SF is one of the prettiest cities in the nation, IMO.
It's small in area, like Boston, but a tad hilly to walk, especially at my age..
Lefty O'Doul's, my favorite hangout there, closed, however, so I'll probably not get back to the city.
In between two hundred dollar meals elsewhere, I could eat really cheap there, and I loved the décor.
There were faded photographs of boxing matches, for example, that I actually watched live as a child in the 1950s.
That notwithstanding, I hope they find solutions for their economic problems because it's a beautiful town.
Wrong, California still leads the nation economically going away
CA manufacturing is cratering, the ag industry is getting slammed hard because for decades the state has neglected their water needs, they have far and away the worst poverty in the nation, and those who can get out before the big crash are leaving.
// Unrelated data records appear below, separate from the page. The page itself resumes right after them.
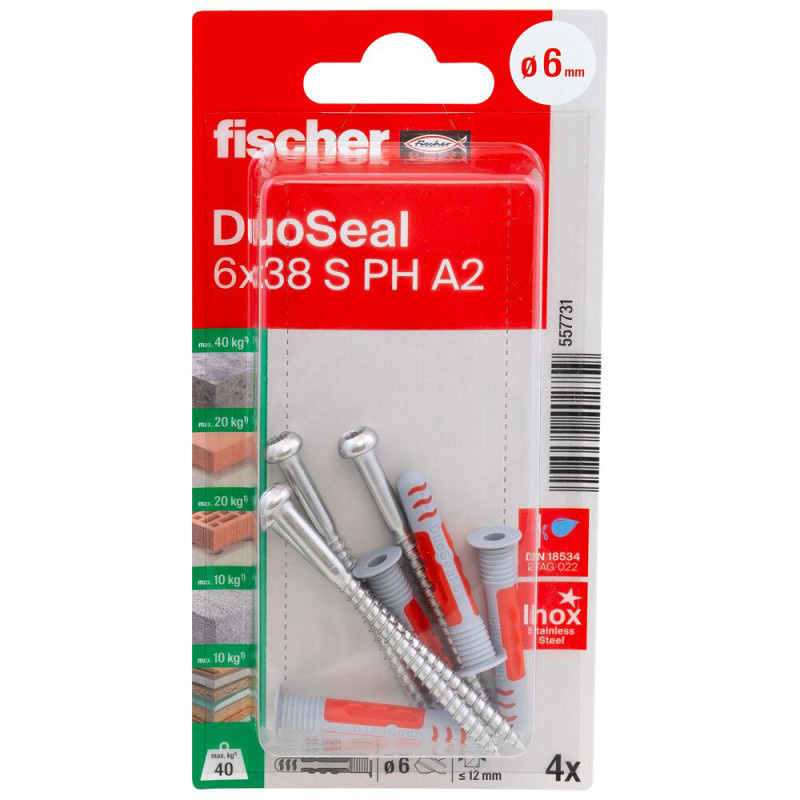 Kołek uszczelniający Duoseal 6x38mm S A2 K NV 4 sztuki Fischer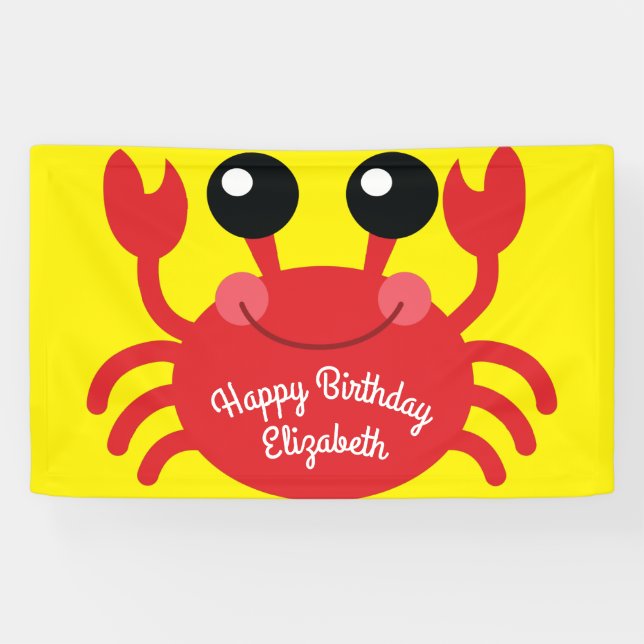 Crab Birthday Party Niedlich Cartoon Kinder Banner (Horizontal)
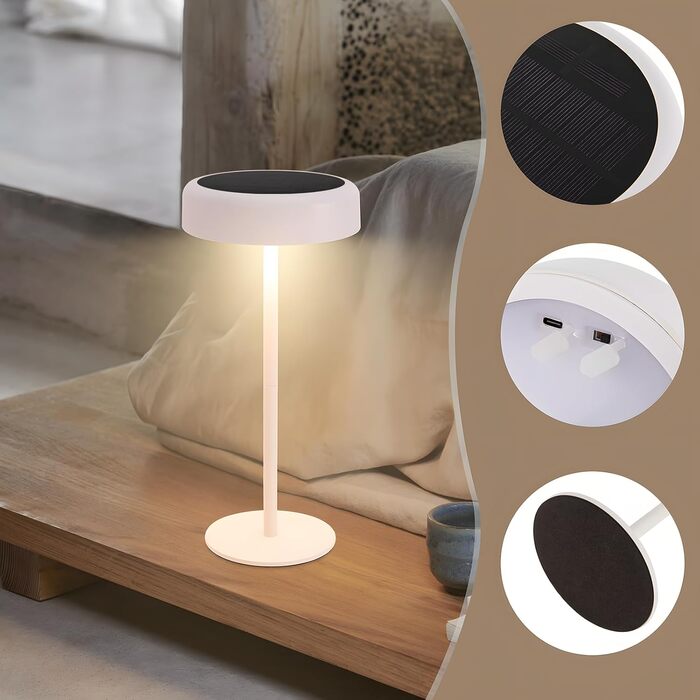 Настільна лампа на сонячній батареї з акумулятором LED, 2 шт. - Бездротова, з димером, сенсорна, біла, для дому та вулиці (IP44)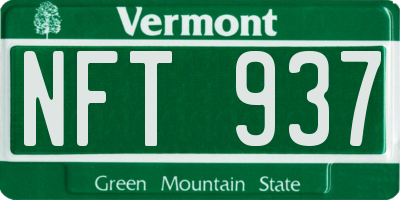 VT license plate NFT937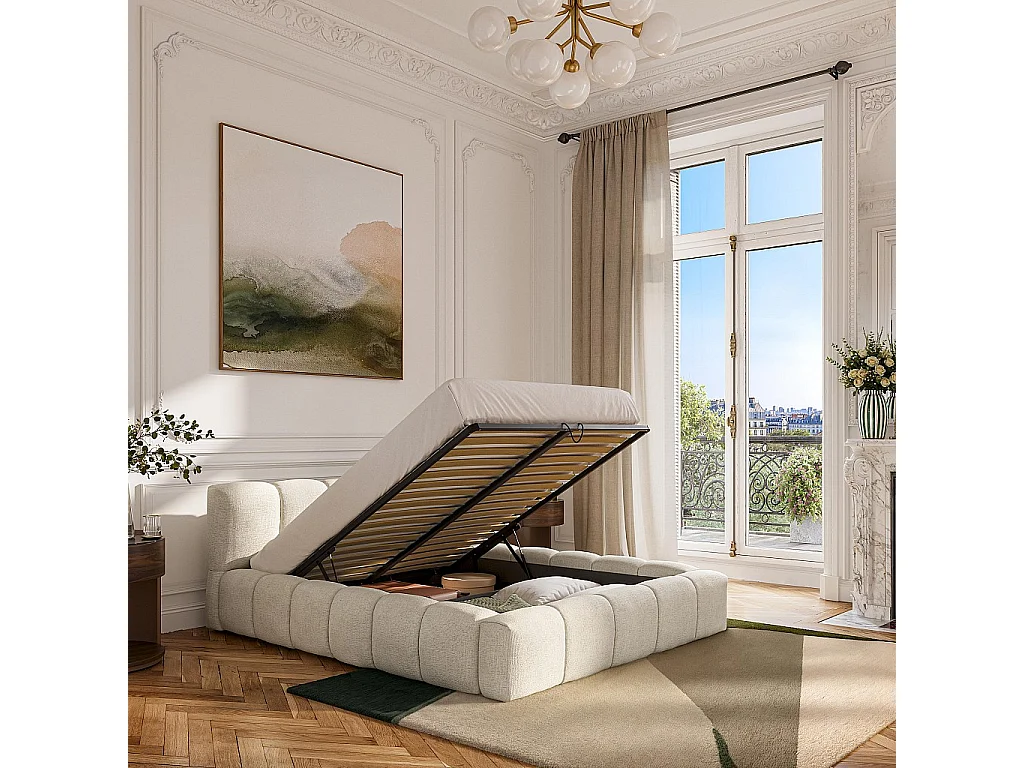 Habitat - Lit coffre 160 x 200 cm en tissu chenille - Crème - Setana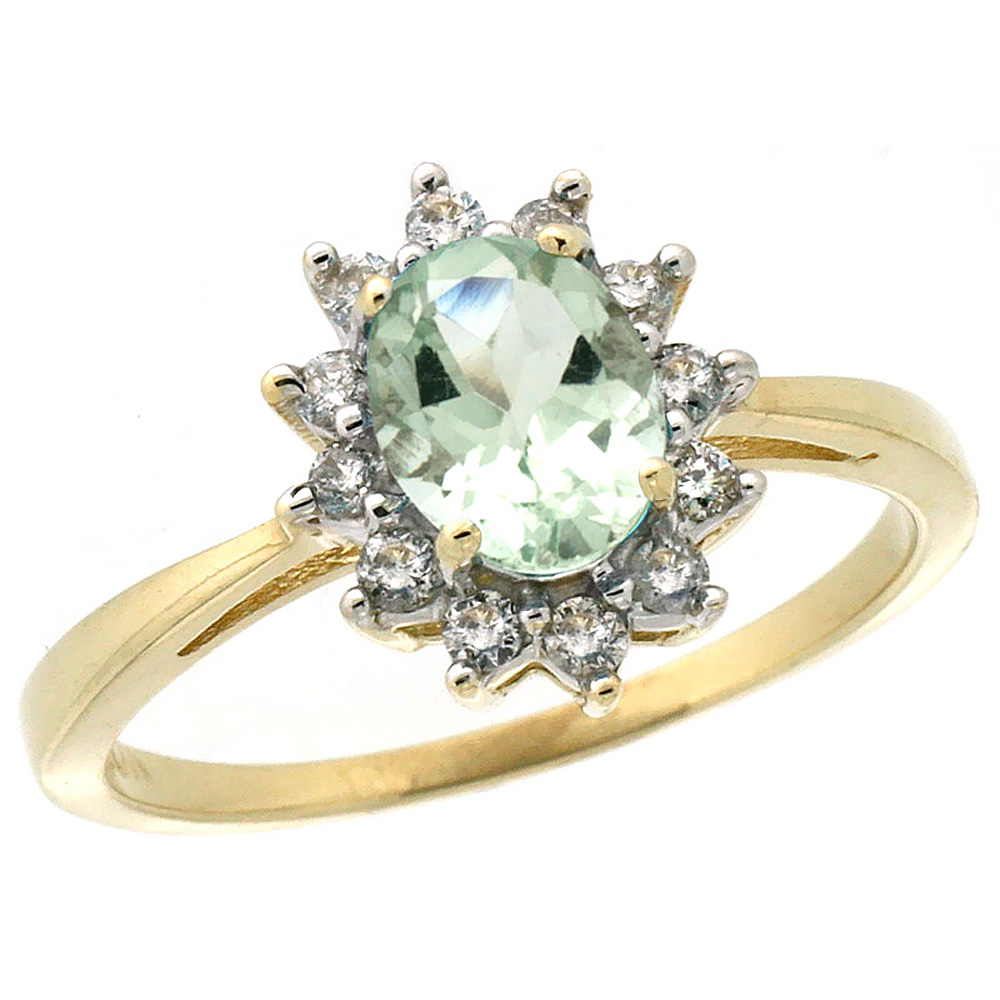 14K Yellow Gold Natural Green Amethyst Engagement Ring Oval 7x5mm Diamond Halo, sizes 5-10
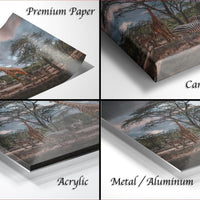 The image is a collage of four different views of a painting or artwork depicting a giraffe and zebras in a natural setting.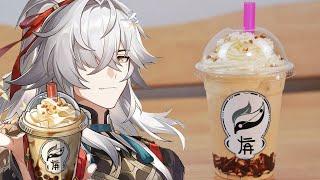 Jing Yuan loves "Immortal's Delight" best Boba Milk Tea in galaxy Honkai Star Rail 崩壊スターレイル料理景元仙人爽快茶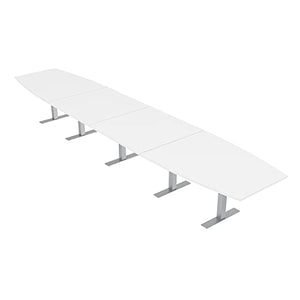 SKUTCHI DESIGNS INC. 18 Person Modular Conference Table | Boat Shaped | Harmony Series | 18 Ft | White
That particular fantasy is popping.
The obvious solution is to dump the radical Leftists running--ruining?--things there for a more centrist, moderate, and business friendly set of politics. But don't expect that to happen anytime soon...
Manufacturing in Cali is dead. No sane company would make anything there. Silicon Valley turned into nothing but code monkeys and office workers. The "silicon" left for Texas and Arizona . The oil business is the next big one to leave. California is all but forcing the refineries to close. That will be an economic disaster not just for Cali, but for the nation as a whole. California already leads the nation in the number of homeless, people in poverty, people on welfare, etc.
The state is really just one minor economic downturn from disaster, and the government there is doubling down on stupid at the same time.
If we're talking just street problems they are far from isolated to the Tenderloin. If that were the case you'd just tell people to avoid that area and everything else will be fine. But it's in the Mission, it's in SOMA as well as other neighborhoods.
The big issue is an economic one. The Tenderloin is not causing office buildings to be sitting at 30% vacancy and businesses around them to close, when vacancy was 4% in 2019. The Tenderloin didn't cause San Francisco to go from being the number one office market in the country in 2019 to where it is today.
Centrists are people without testicles, actual or virtual, who can thus be comfortable straddling a fence.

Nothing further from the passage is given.